Review: It Might Get Loud - Djenthuggah Drums (with video sample)



Hello and welcome to this week's article!
Today we are reviewing a very specific product, created by the software house It Might Get Loud Prod.: Djenthuggah Drums!

Djenthuggah Drums is a drum sampler with sounds created explicitly to replicate the very particular sound of Meshuggah: the band that literally created the Djent genre, a type of metal that unites extremely low tuned instruments, a fast thrash metal riffing that sounds like an evolution of the Fear Factory tone, growling vocals (although other bands of the same genre offers also clean singing) and a very, very complex, prog-like drumming.

The drum tone is very specific, because the band relies heavily on samples for their albums (to the point that some member created the famous software house Toontrack, which is one of the leaders in drum sampling today): it has a powerful mid range designed to cut through the most dense mix, and a lot of attack and "clickiness".
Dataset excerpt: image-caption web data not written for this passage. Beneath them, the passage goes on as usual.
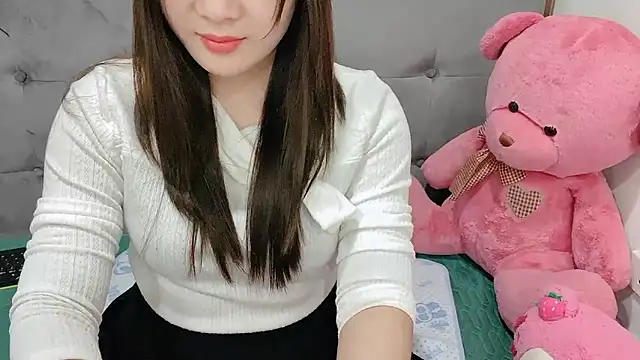 Funikio online show from 10, 3, 2025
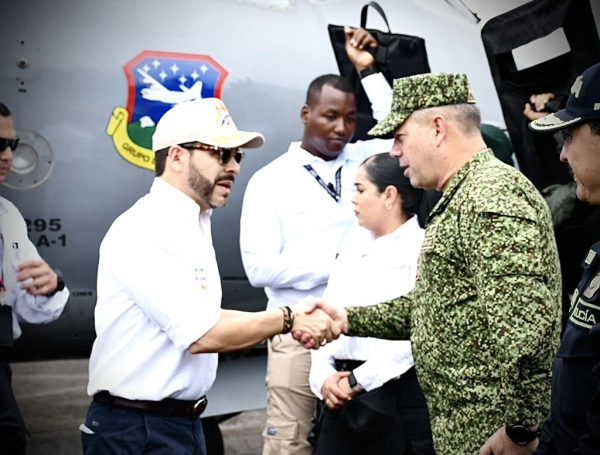 Armada de Colombia recibe al presidente Abelardo De La Espriella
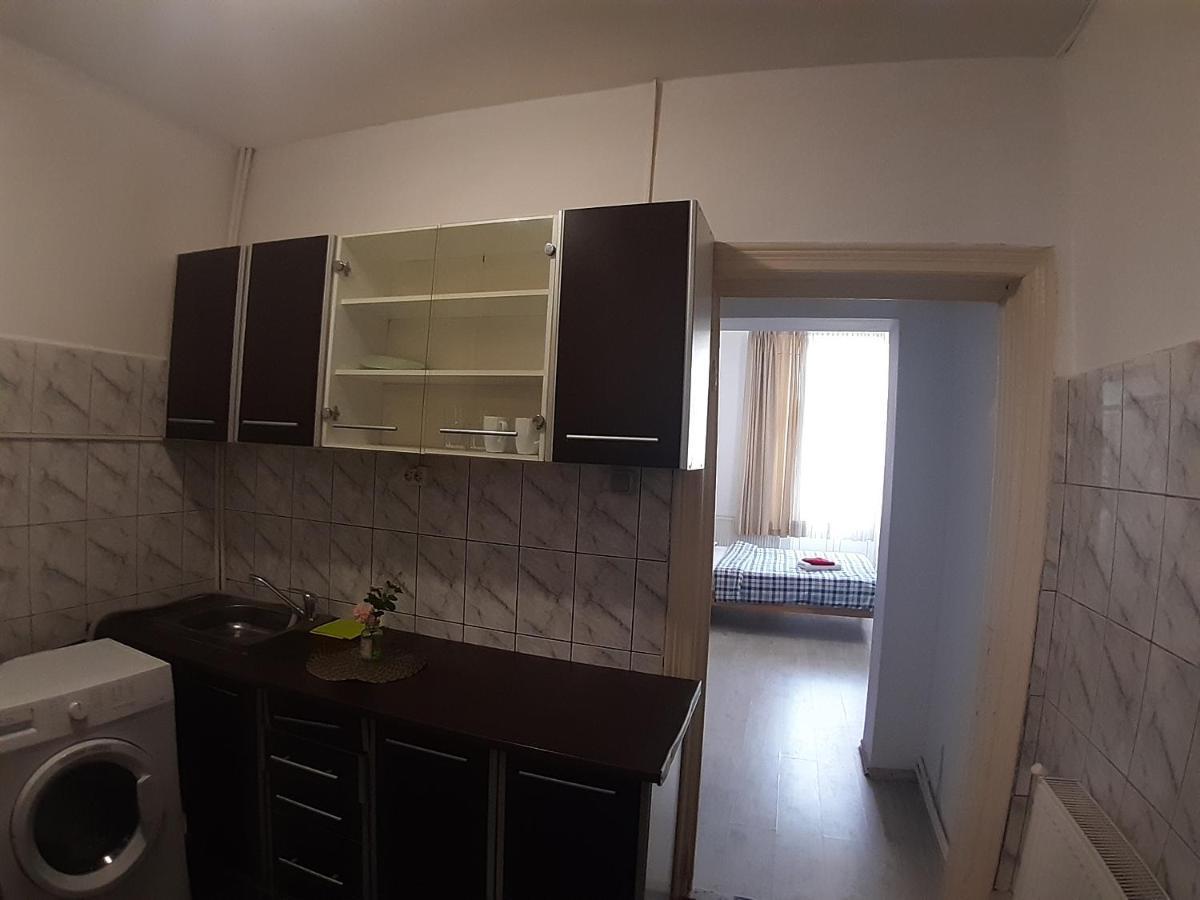 Апартаменты Old Town Luxery With Balcony And View Бухарест Экстерьер фото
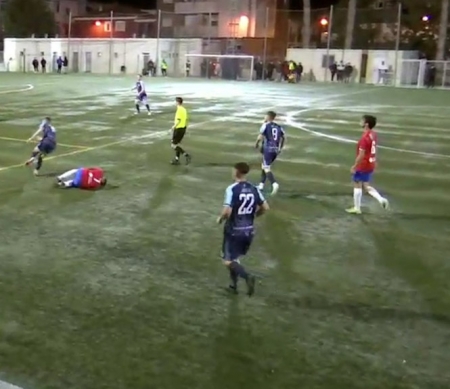 Un jugador del Cúllar Vega tendido en el terreno de juego (RFAFTV) Un jugador del Cúllar Vega tendido en el terreno de juego (RFAFTV)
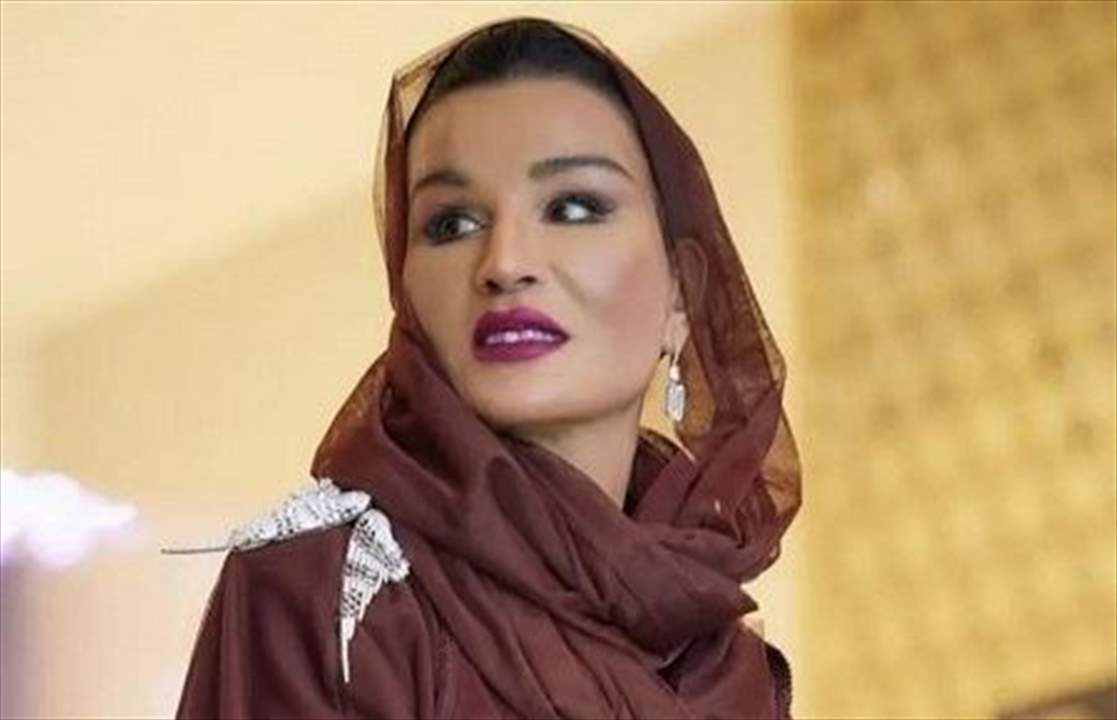 صور - الاهتمام الأكبر في حفل الافتتاح .. اطلالة الشيخة موزة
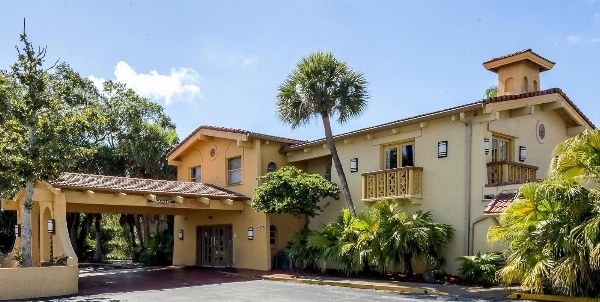 Red Roof Inn Tampa Bay - St. Petersburg image 1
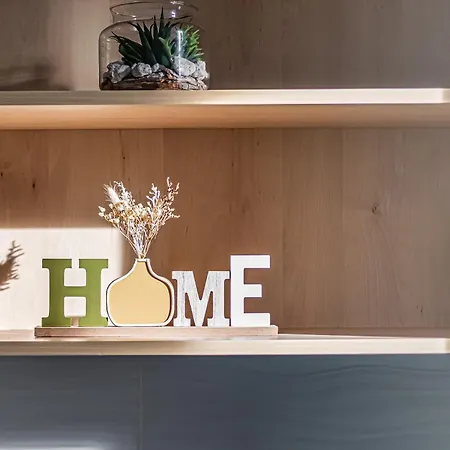 Golden Coast アパート ポルティマン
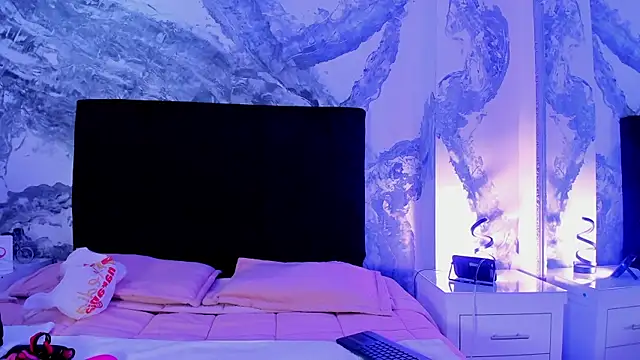 Snapshot of lilithDraven_ chatting on March 3, 2026, 4:19 am lilithDraven online show from March 3, 2026, 4:19 am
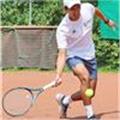 Ex jugador de tennis, participacion en torneos profesionales, exjugador de division 1 en estados unidos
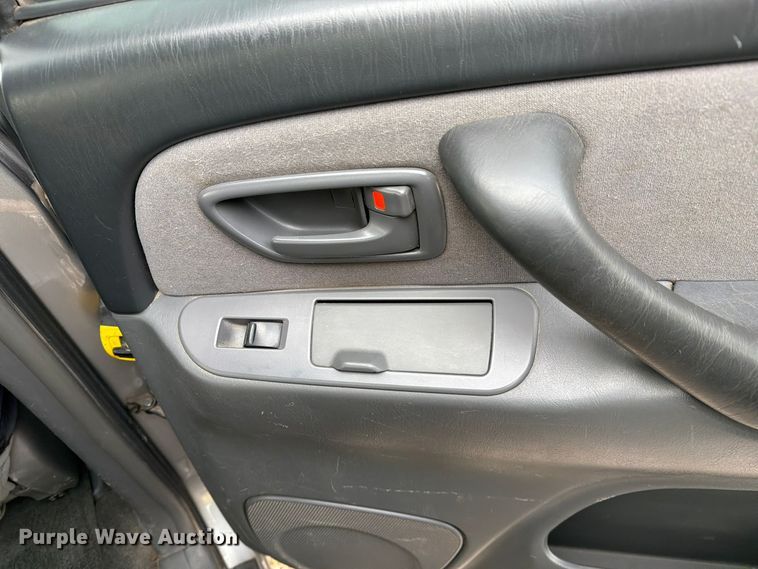 image for item FM6609 2005 Toyota Tundra SR5 Ext. Cab pickup truck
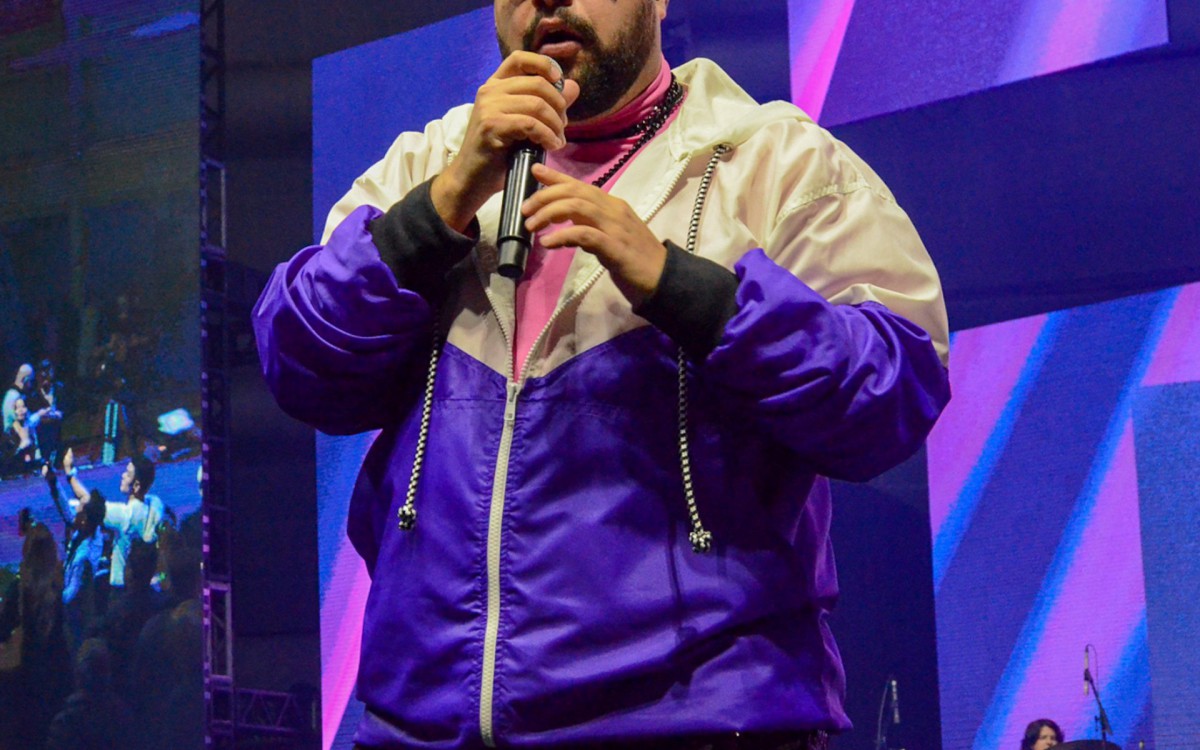 Tiago Abravanel se apresenta em evento de beleza. Cantor trocou beijos com o marido, Fernando Poli, nos bastidores, na noite deste domingo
Djenthuggah Drums is a sampler that features only the drum shells (kick, snare and toms) and no cymbals (in the video sample I have used the ones of Dieswitch Drums), and they come either with their standalone interface, or in Gog and Tci format, to be used with a Drum Replacer.

The sound is as expected powerful, and it's designed to poke easily through a mix, although I find it somewhere in between KVLT drums and Dieswitch Drums: in KVLT drums the samples are not processed at all, so it needs to be treated like an acoustic drumset, in Dieswitch Drums the samples are already processed, so they can be used right away, while in Djenthuggah the samples are yes processed, and they also offer 3 parameters each to fine tune them, but I still had to mix them when working on the video sample, adding some reverb on the snare and toms and some highs on the kick in order to make it sit better in the mix.

The bottom line is that this small sample pack will be very useful for all the Djent lovers out there, but be ready to work on it and blend it with other kits in order to obtain a polished result.

Thumbs up!




- Snare: Kumu Birch Custom 14″ x 5,5″, SuperWoodHoop

- Toms: Kumu Birch Custom 10″ x 7″, 12" x 8, 14″ x 12″, PowerHoop

- Kick: Kumu Birch Custom 20″ x 16″, SideHoleOver 50 samples.